Girl Number 26 was abandoned by her family and left to fend for herself on the streets of Phnom Penh, Cambodia.
In desperation, she took a job at a club but soon found herself forced into satiating the sexual cravings of customers to pay her bills. Stripped of her identity and dignity, she became despondent.
“Sometimes I thought I would never get out of that place,” she said. “That if I died, nobody would really care.”
The girl, given a pseudonym to protect her identity, is one of several child trafficking victims who will be featured in “26 Seconds,” a documentary by Chapman University professor Kelly Galindo. The film’s name refers to the statistic that a child is globally trafficked every 26 seconds.
Galindo, 54, of Orange has been traveling the world over the past two years for her film in an effort to document the expansive child trafficking industry, making stops in Cambodia, Thailand, India, Iraq and Mexico.
Galindo worked as an actress in various independent films and guest-starred on such shows as shows “ER,” “Sons of Anarchy” and “The Closer.”
Her film, expected to be released in September 2018, will follow trafficked girls as they try to heal and piece their lives back together.
While in Kurdistan in January, Galindo learned the intricacies of a trafficking system whereby ISIS, or the Islamic State of Iraq and Syria, has been attacking villages, initiating boys into their ranks and selling young girls into sexual slavery.
Dedicated to obtaining the story of the girls, Galindo traveled to refugee camps for interviews flanked by members of the Kurdish military, a necessary security measure considering she was about 20 miles from ISIS-occupied Mosul, which was liberated by Iraqi forces in July.
“We were incredibly fortunate in Iraq,” Galindo said. “The Kurdish soldiers are like Rambo.”
But the menace isn’t just abroad. Galindo’s film will also analyze trafficking’s effects in Orange County and other parts of Southern California.
“I have been to every third-world red light district and I was the most afraid on Harbor Boulevard in Garden Grove,” Galindo said. “It’s crazy there.”
Galindo said one survivor recounted staring out of the window of a hotel across from Disneyland at age 10, watching families head to the “Happiest Place on Earth” as she was being raped by male customers.
Galindo said there’s a lot of trafficking around the amusement park.
Despite the horrific circumstances Galindo has learned about, her film will largely highlight the organizations that are trying to defeat child trafficking, including Destiny Rescue, Children of the Forest, Side-by-Side Church International in Santa Ana and Magdalene Hope in Bakersfield.

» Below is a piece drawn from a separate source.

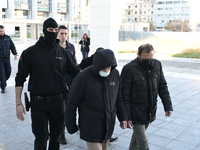 Δίκη για τη 12χρονη στον Κολωνό: Κεκλεισ...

Deidre Pujols, wife of Los Angeles Angels of Anaheim baseball player Albert Pujols, will also be featured in the film along with her organization Open Gate International, which she started about a year ago to provide vocational training to trafficking victims after they’ve been rescued and rehabilitated.
When Pujols, 41, of Irvine and Galindo met a few weeks ago, they immediately realized the similarities in their personal journeys.

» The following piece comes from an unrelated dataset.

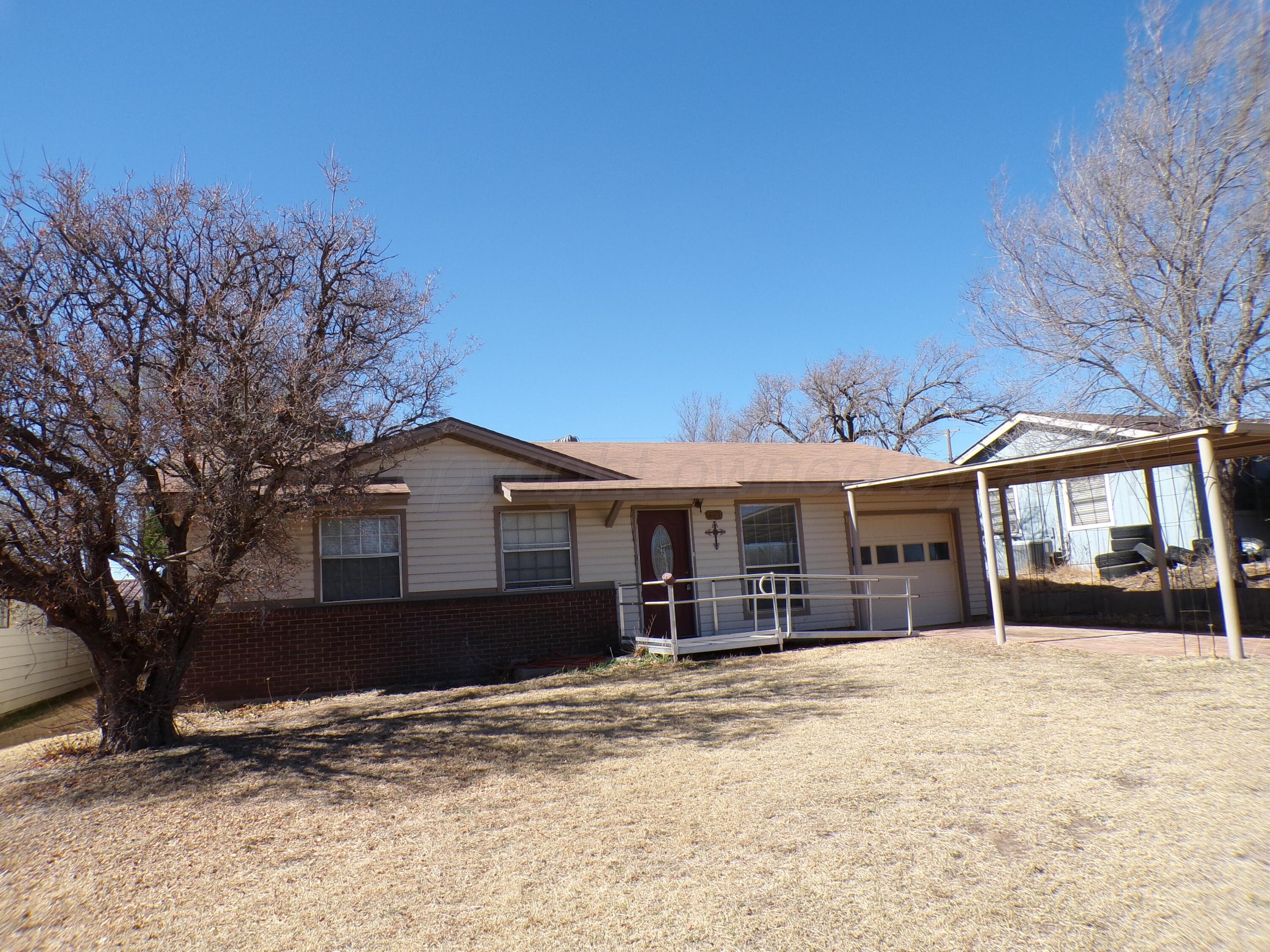 403 N Robey Avenue, Fritch, TX 79036, photo 4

Pujols traveled to many of the same places Galindo visited to learn more about child trafficking and she valued the film’s intent of illuminating the organizations combating trafficking rather than focusing on the darkness.
“[Galindo] wants people to get a sense of the monster we are dealing with but also to highlight a more positive perspective,” Pujols said.

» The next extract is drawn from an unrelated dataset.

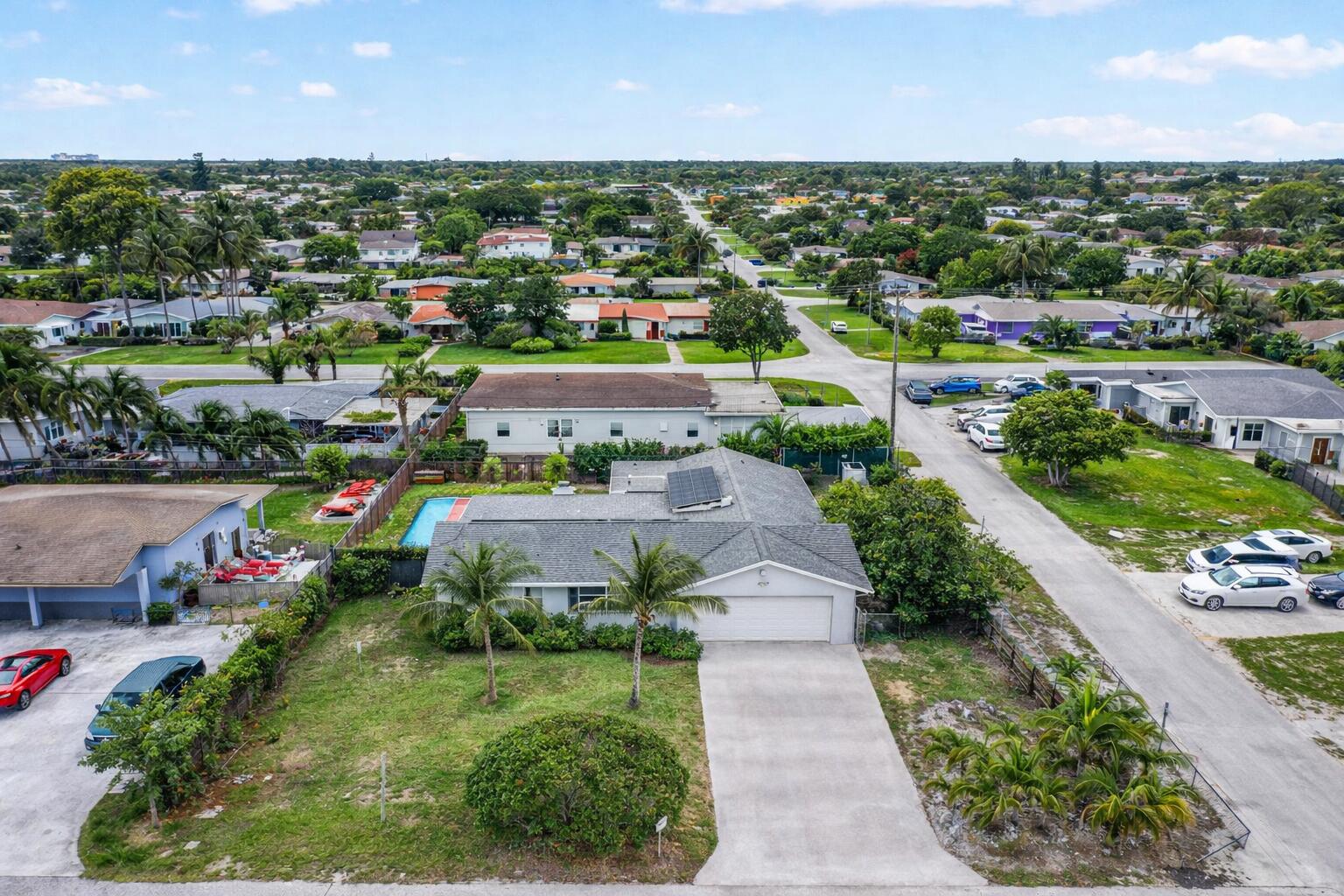 HYPOLUXO VILLAGE 1 - Residential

The final step in the filming process will be in February, when Galindo will head to Minneapolis to capture the increased trafficking during the Super Bowl, when traffickers bring in “bus-loads” of girls. Then the film will head to the editing table.
Galindo said a public screening will be held in the spring at Chapman University. A preliminary cut of the film was shown on the campus on Nov. 14 with a panel of sex trafficking experts.
Galindo said the film will be done in time to submit to the Academy of Motion Pictures Arts and Sciences for 2019 Oscar consideration. Sid Ganis, former president of the Academy, is an advisor on the project.
Galindo said if the film isn’t accepted she’ll be content because she’s spreading awareness.
“It’s been a long two years of hard work and heartbreak,” Galindo said. “But, I have also been witnessing miracles.”